Crop Yield Data Visualization Analysis LightningChart Python

Tutorial

Assisted by AI

Discover techniques for crop yield data visualization in Python with LightningChart, enhancing your agricultural data analysis skills.
Vindya-Nukulasooriya

Vindya Nukulasooriya

Data Science Developer

LinkedIn icon
Lake-Pollution-Analysis-Cover

Introduction

This project presents an analysis of crop yield factors using a curated agricultural dataset and the high-performance LightningChart Python library. The dataset contains measurements of key soil nutrients (Nitrogen, Phosphorus, Potassium), environmental parameters (Temperature, Humidity, Rainfall), and soil chemistry (pH), along with crop labels. Together, these factors influence which crops can thrive in given conditions and how strongly yield is affected.

The primary objectives of this project are to:

  • Characterize how soil nutrients (N, P, K) are distributed across different crop types.
  • Assess the impact of pH ranges on crop representation, highlighting favourable vs unfavourable conditions.
  • Explore how climatic factors such as Temperature and Humidity shape crop presence when grouped into terciles (Low, Mid, High).
  • Compare crop representation under varying rainfall levels and examine combined interactions with nutrients.
  • Summarize correlations between soil and climatic factors, identifying which variables most strongly influence crop distribution.

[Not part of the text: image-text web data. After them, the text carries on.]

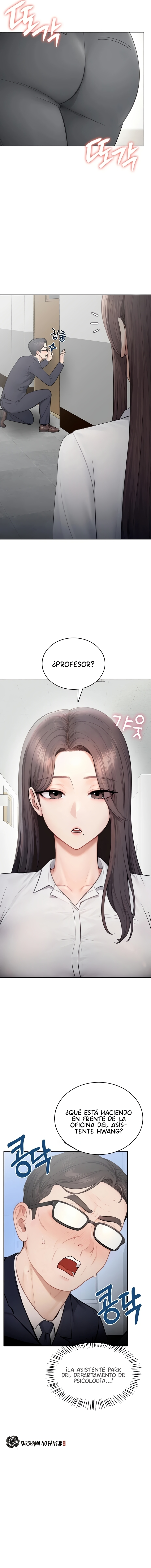 Naughty Woman Capitulo 33 página 13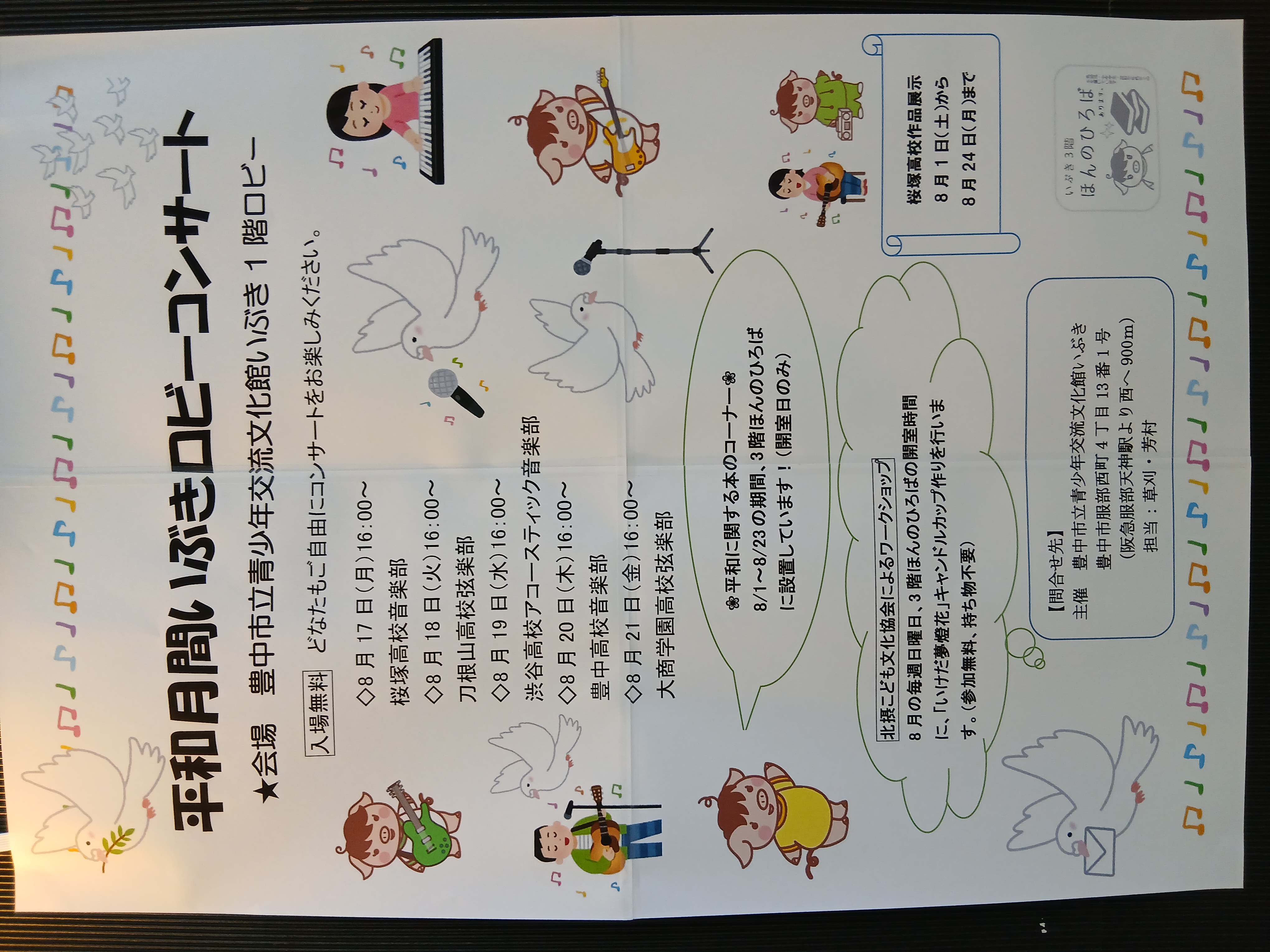 20260820_155228 - 豊中高校教員03.jpg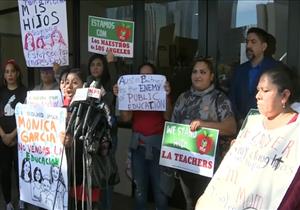 لأول مرة منذ 3 عقود.. 30 ألف مُدرّسًا في لوس انجلوس يستعدون لإضراب
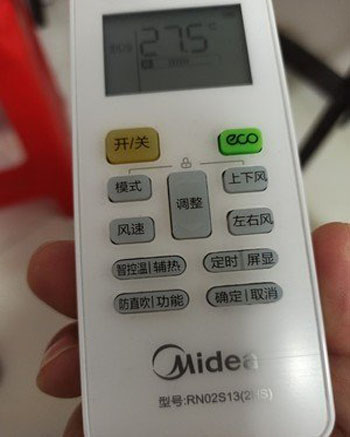 正镶白旗空调遥控器打不开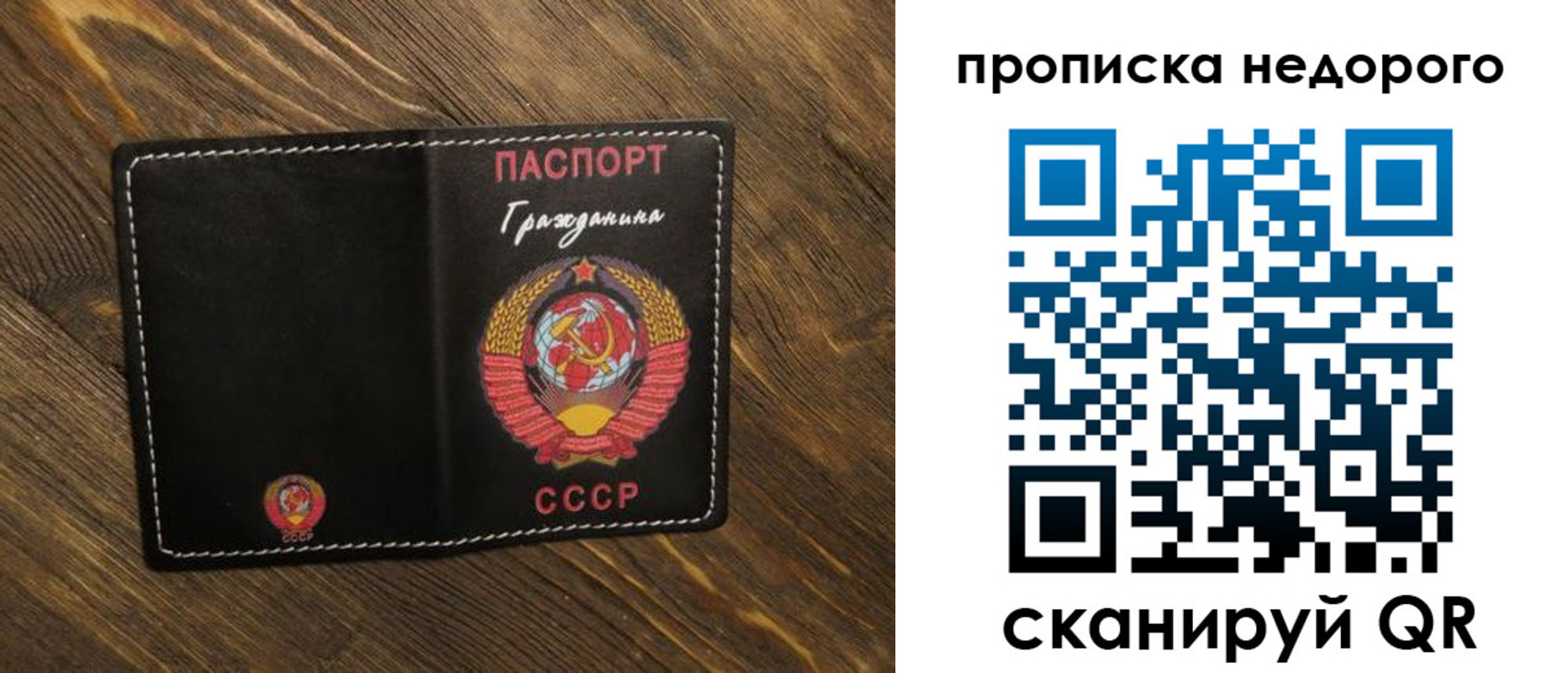 миграционный учет в Бузулуке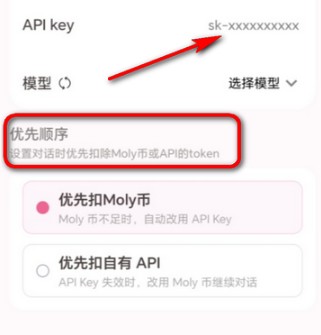 lovemo免费版app使用方式-4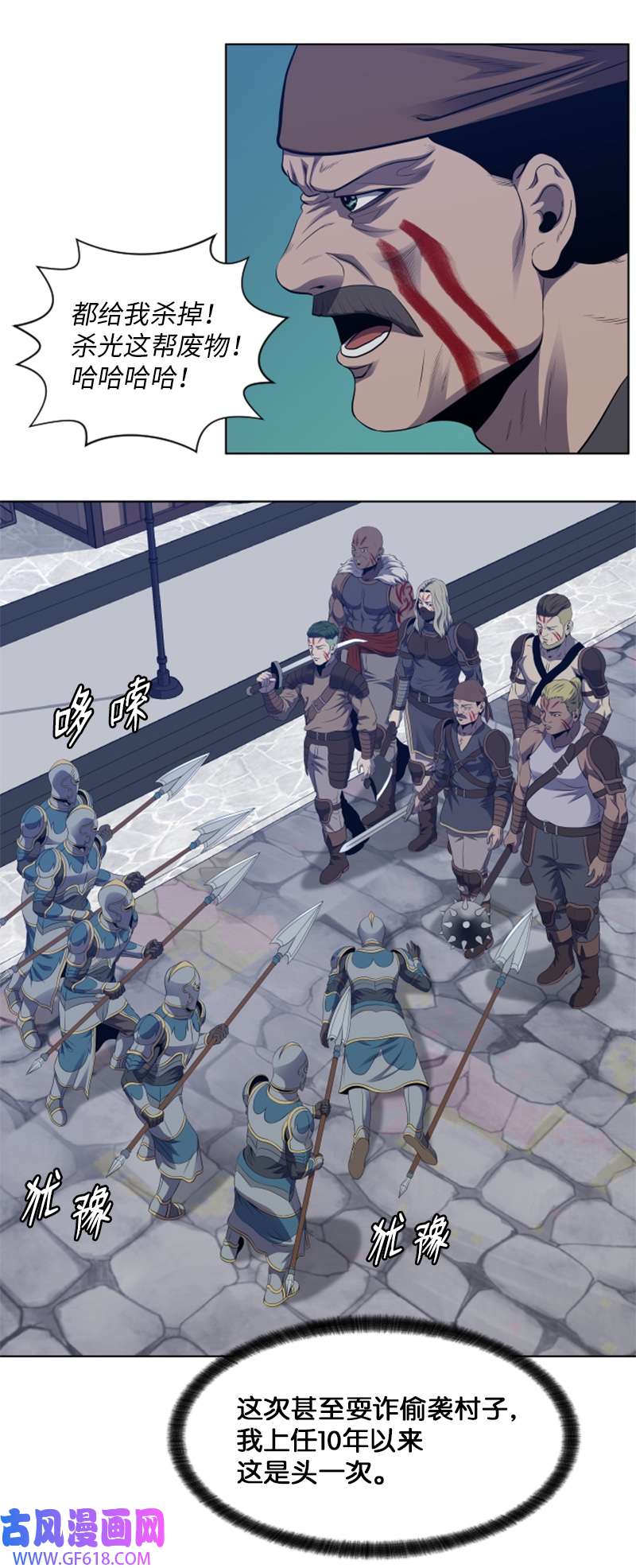 升级才是王道46 一夫当关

To achieve these objectives, LightningChart Python was chosen for its:

  • High performance when handling dense agricultural datasets with smooth interactivity.
  • Versatile 2D and grouped bar chart types suitable for statistical and categorical comparisons.
  • Interactive, presentation-ready visuals with zooming, tooltips, legends, axis labelling, and customizable themes. 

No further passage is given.